Очарованная этими мгновениями, Робин покачивалась на коленях у Майкла и, поглядывая на него, улыбалась. Склонившись над ней, он снова ее поцеловал, а потом его язык скользнул меж ее губ. Она ответила ему тем же и тотчас почувствовала, как он вздрогнул.

— Господи, — пробормотал Майкл, — где ты этому научилась?

— У тебя, — прошептала она. — Только что.

Чуть отстранившись, он заглянул в ее темные глаза — она смотрела на него с любовью и нежностью. Он застонал и уткнулся лицом в ее плечо. Вдыхая знакомый сладковатый запах, Майкл все крепче прижимал к себе Робин. Он чувствовал: если она его отвергнет, от этого удара ему уже не оправиться. А ведь он так спокойно жил в коконе одиночества — жил все эти годы.

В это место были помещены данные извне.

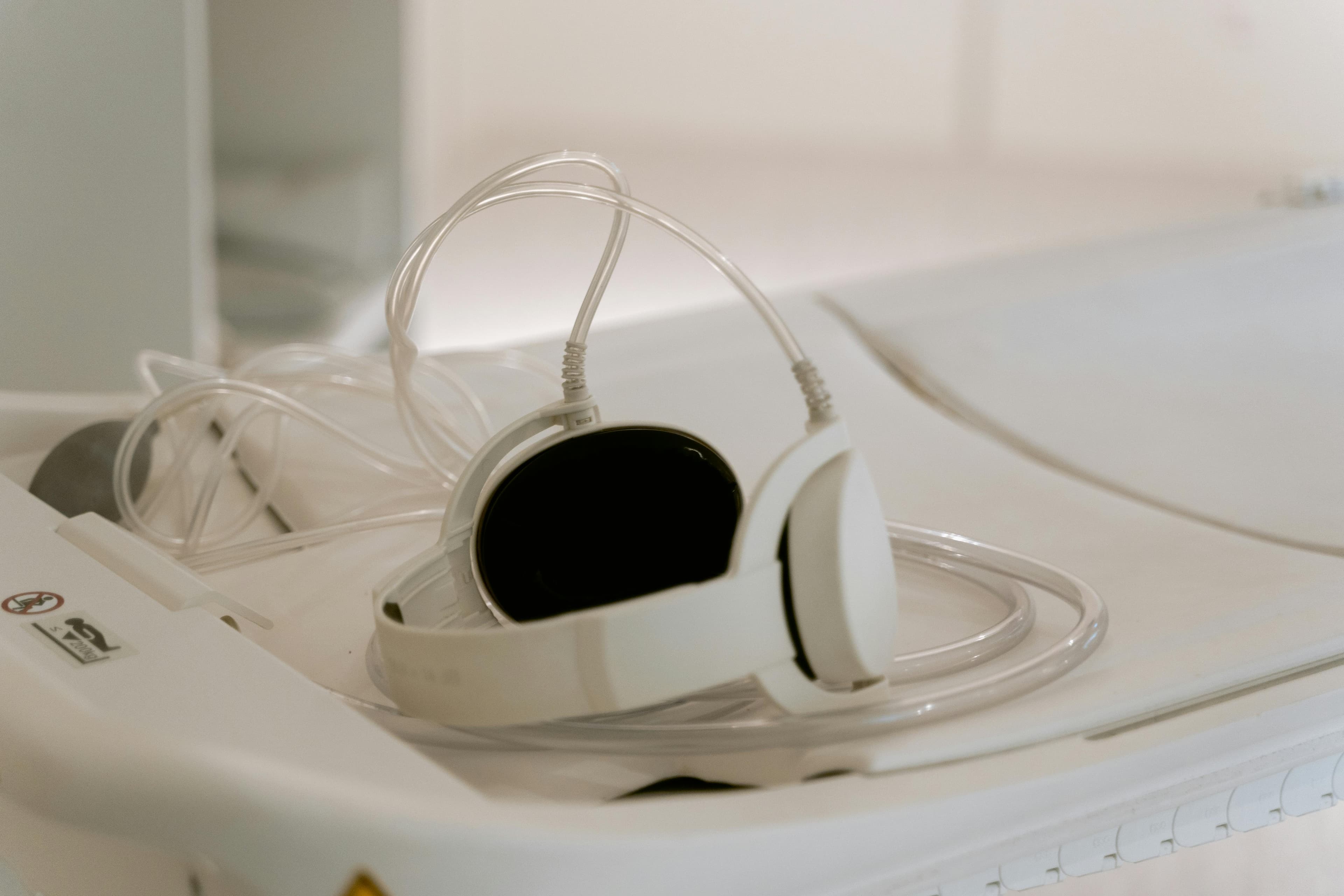 A medical professional performing an ultrasound on a patient, symbolizing careful monitoring during abortion procedures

— Пора. — Майкл наконец поднял голову. — Я отвезу тебя домой. У тебя завтра трудный день.

— М-м… — Она прикрыла глаза.

Он усмехнулся и поднялся с кушетки, все еще держа Робин на руках. Когда же ноги девушки коснулись пола, она повисла на плечах Майкла.

— Робин, проснись. — Он стиснул зубы.

Она подняла на него заспанные глаза.

«Нет, хватит страстных объятий и жарких поцелуев…» Стараясь стряхнуть с себя наваждение, Майкл осторожно подталкивал девушку к двери.

Он усадил Робин в машину и пять минут спустя остановился у ее дома. Фонарь над парадной дверью казался огнем маяка. Нет-нет, и речи быть не может о том, чтобы провожать ее дальше. И уж конечно, никаких поцелуев, не то его интерес к ней станет очевидным. Он повернулся и увидел, что Робин тянется к нему.

— Спасибо, Майкл. — Она улыбнулась. — Это был чудесный вечер. — Легкий поцелуй служил тому подтверждением.

«О Боже, как трудно с ней расстаться!» Майкл осторожно обнял ее и тотчас же отстранился.

— Спокойной ночи, Робин. Приятных сновидений.

Он смотрел, как Робин поднимается по лестнице и проходит по узкой террасе. Наконец она скрылась за дверью, и Майкл тяжко вздохнул. Мать наверняка отчитала бы его, если бы узнала, что он не проводил девушку до двери. Но в этом случае он все-таки прав. Лучше показаться невоспитанным, чем оказаться в квартире у Робин и…

Вернувшись домой, Майкл позвонил матери.

— Привет, мама!

— Майкл?! Как я рада тебя слышать. Что-нибудь случилось?

В глубине души он иногда упрекал мать, привившую ему строгие моральные принципы. Но повинна в его бедах была не мать, а другая женщина, над этими принципами посмеявшаяся.

— Все в порядке, мама. Просто я хотел сказать, что очень люблю тебя.